Finding a good mutual fund is easier to said than done. You need to know customers needs and where he’s coming from. And, also you have to compare between multiple mutual funds to find which is most suitable for you customer.
Disclaimer: The images and fund names in this article are used solely for illustrative purposes. We do not endorse any mutual fund schemes or platforms. The fund categories and specific funds were chosen at random and in no particular order.
Before advising any fund to a investor there are some key information which needs to be known about the investor. These key informations are as follows:
- Age: Younger investors generally have a higher risk tolerance; older investors typically prefer lower-risk investments.
- Goals: Investment objectives like retirement, education funding, or wealth accumulation influence risk tolerance.
- Financial Situation: Analysis of income, savings, debt levels, and overall financial health.
- Investment Experience: More experienced investors may tolerate higher market volatility.
- Psychological Level: Personal comfort levels with potential losses and market fluctuations.
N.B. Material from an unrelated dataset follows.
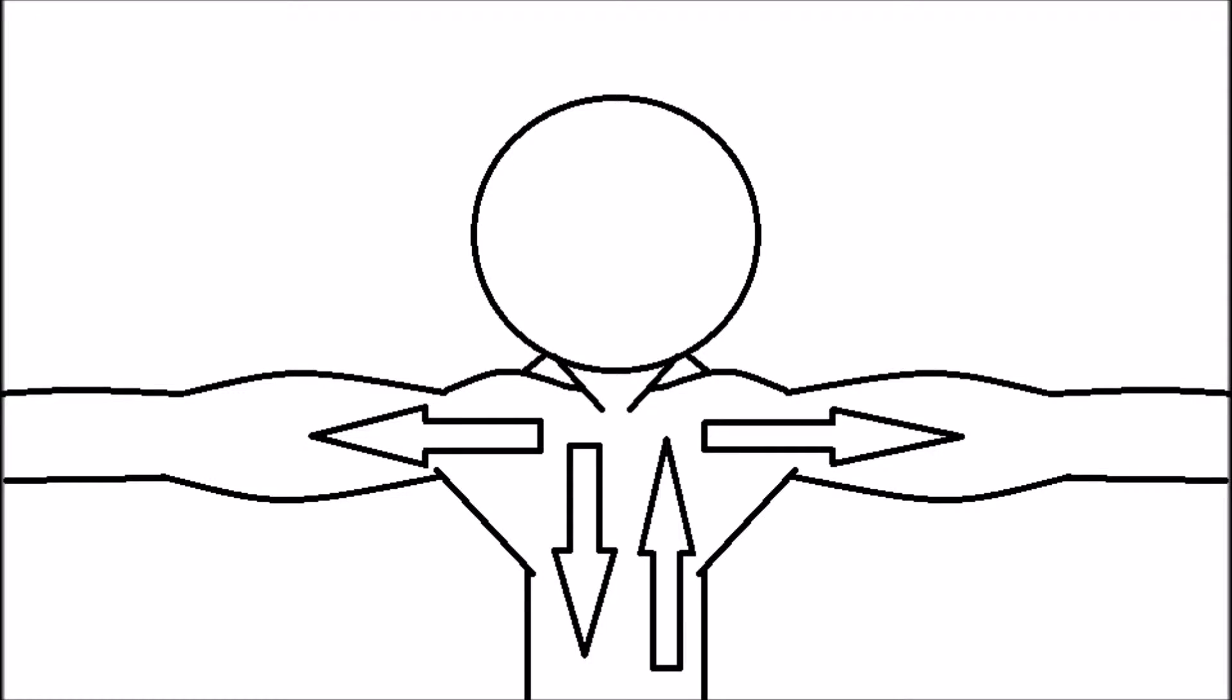Muscle testing is great because it uses the body's neurology to find out what's going on and how to help fix it.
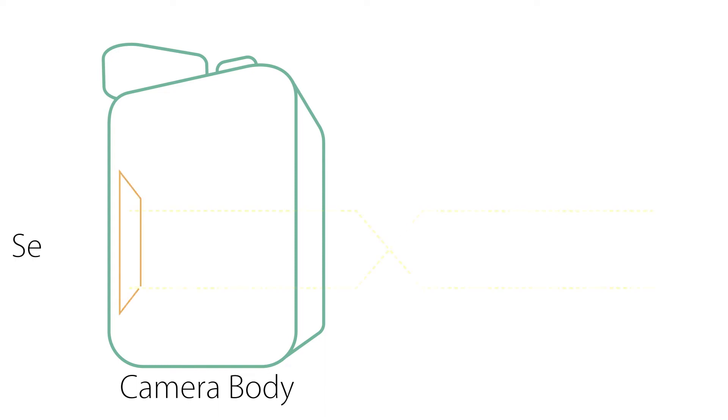Inside this lightproof body there is a light-sensitive sensor or piece of film. This sensor will react to light when it enters the camera, recording the information and producing an image.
After finding the necessary information about the investor, Now we can look for a suitable fund for him. In this article, we’ll take an example of a 55 years old conservative investor.
Step 1: Visit Value Research Online
Go to the Value Research website to access comprehensive fund data and click on Funds as shown in the image below.
Step 2: Click on the Fund Monitor
Refer to the screenshot below.
Step 3: Select a category from the options below for comparison and review.
For instance, let’s choose the Large-Cap Category.
Step 4: Use the Other Filters to narrow down the search.
Find the most suitable funds with the help of available filters. Make sure that “Regular” is selected (Note: Currently, we do not offer direct funds.)
Step 5: A Dialog Box would appear as shown.
Step 6: Choose Management Style.
Choose Active and click on Apply as shown below.
Step 7: Wait for data to load.
The list will display all the funds in the selected category (e.g., Large-Cap).
Step 8: Select Risk
Similarly, The list will display all the funds with their risk profile in the selected category (e.g., Large-Cap).
Step 9: Compare the first two funds.
To choose between Fund A and Fund B, we’ll look at several key metrics: standard deviation, Sharpe ratio, Sortino ratio, beta, alpha, and R-squared. These metrics help us understand how each fund performs and the risks involved.
Fund Matrics
Fund A:
- Standard Deviation: 11.64
- Sharpe Ratio: 0.88
- Sortino Ratio: 1.63
- Beta: 0.92
- Alpha: 0.67
- R-Squared: 0.97
Fund B:
- Standard Deviation: 12.82
- Sharpe Ratio: 0.40
- Sortino Ratio: 0.82
- Beta: 0.97
- Alpha: -5.01
- R-Squared: 0.89
What These Metrics Mean
- Standard Deviation: Measures how much the fund’s returns vary. Lower is better because it means less risk.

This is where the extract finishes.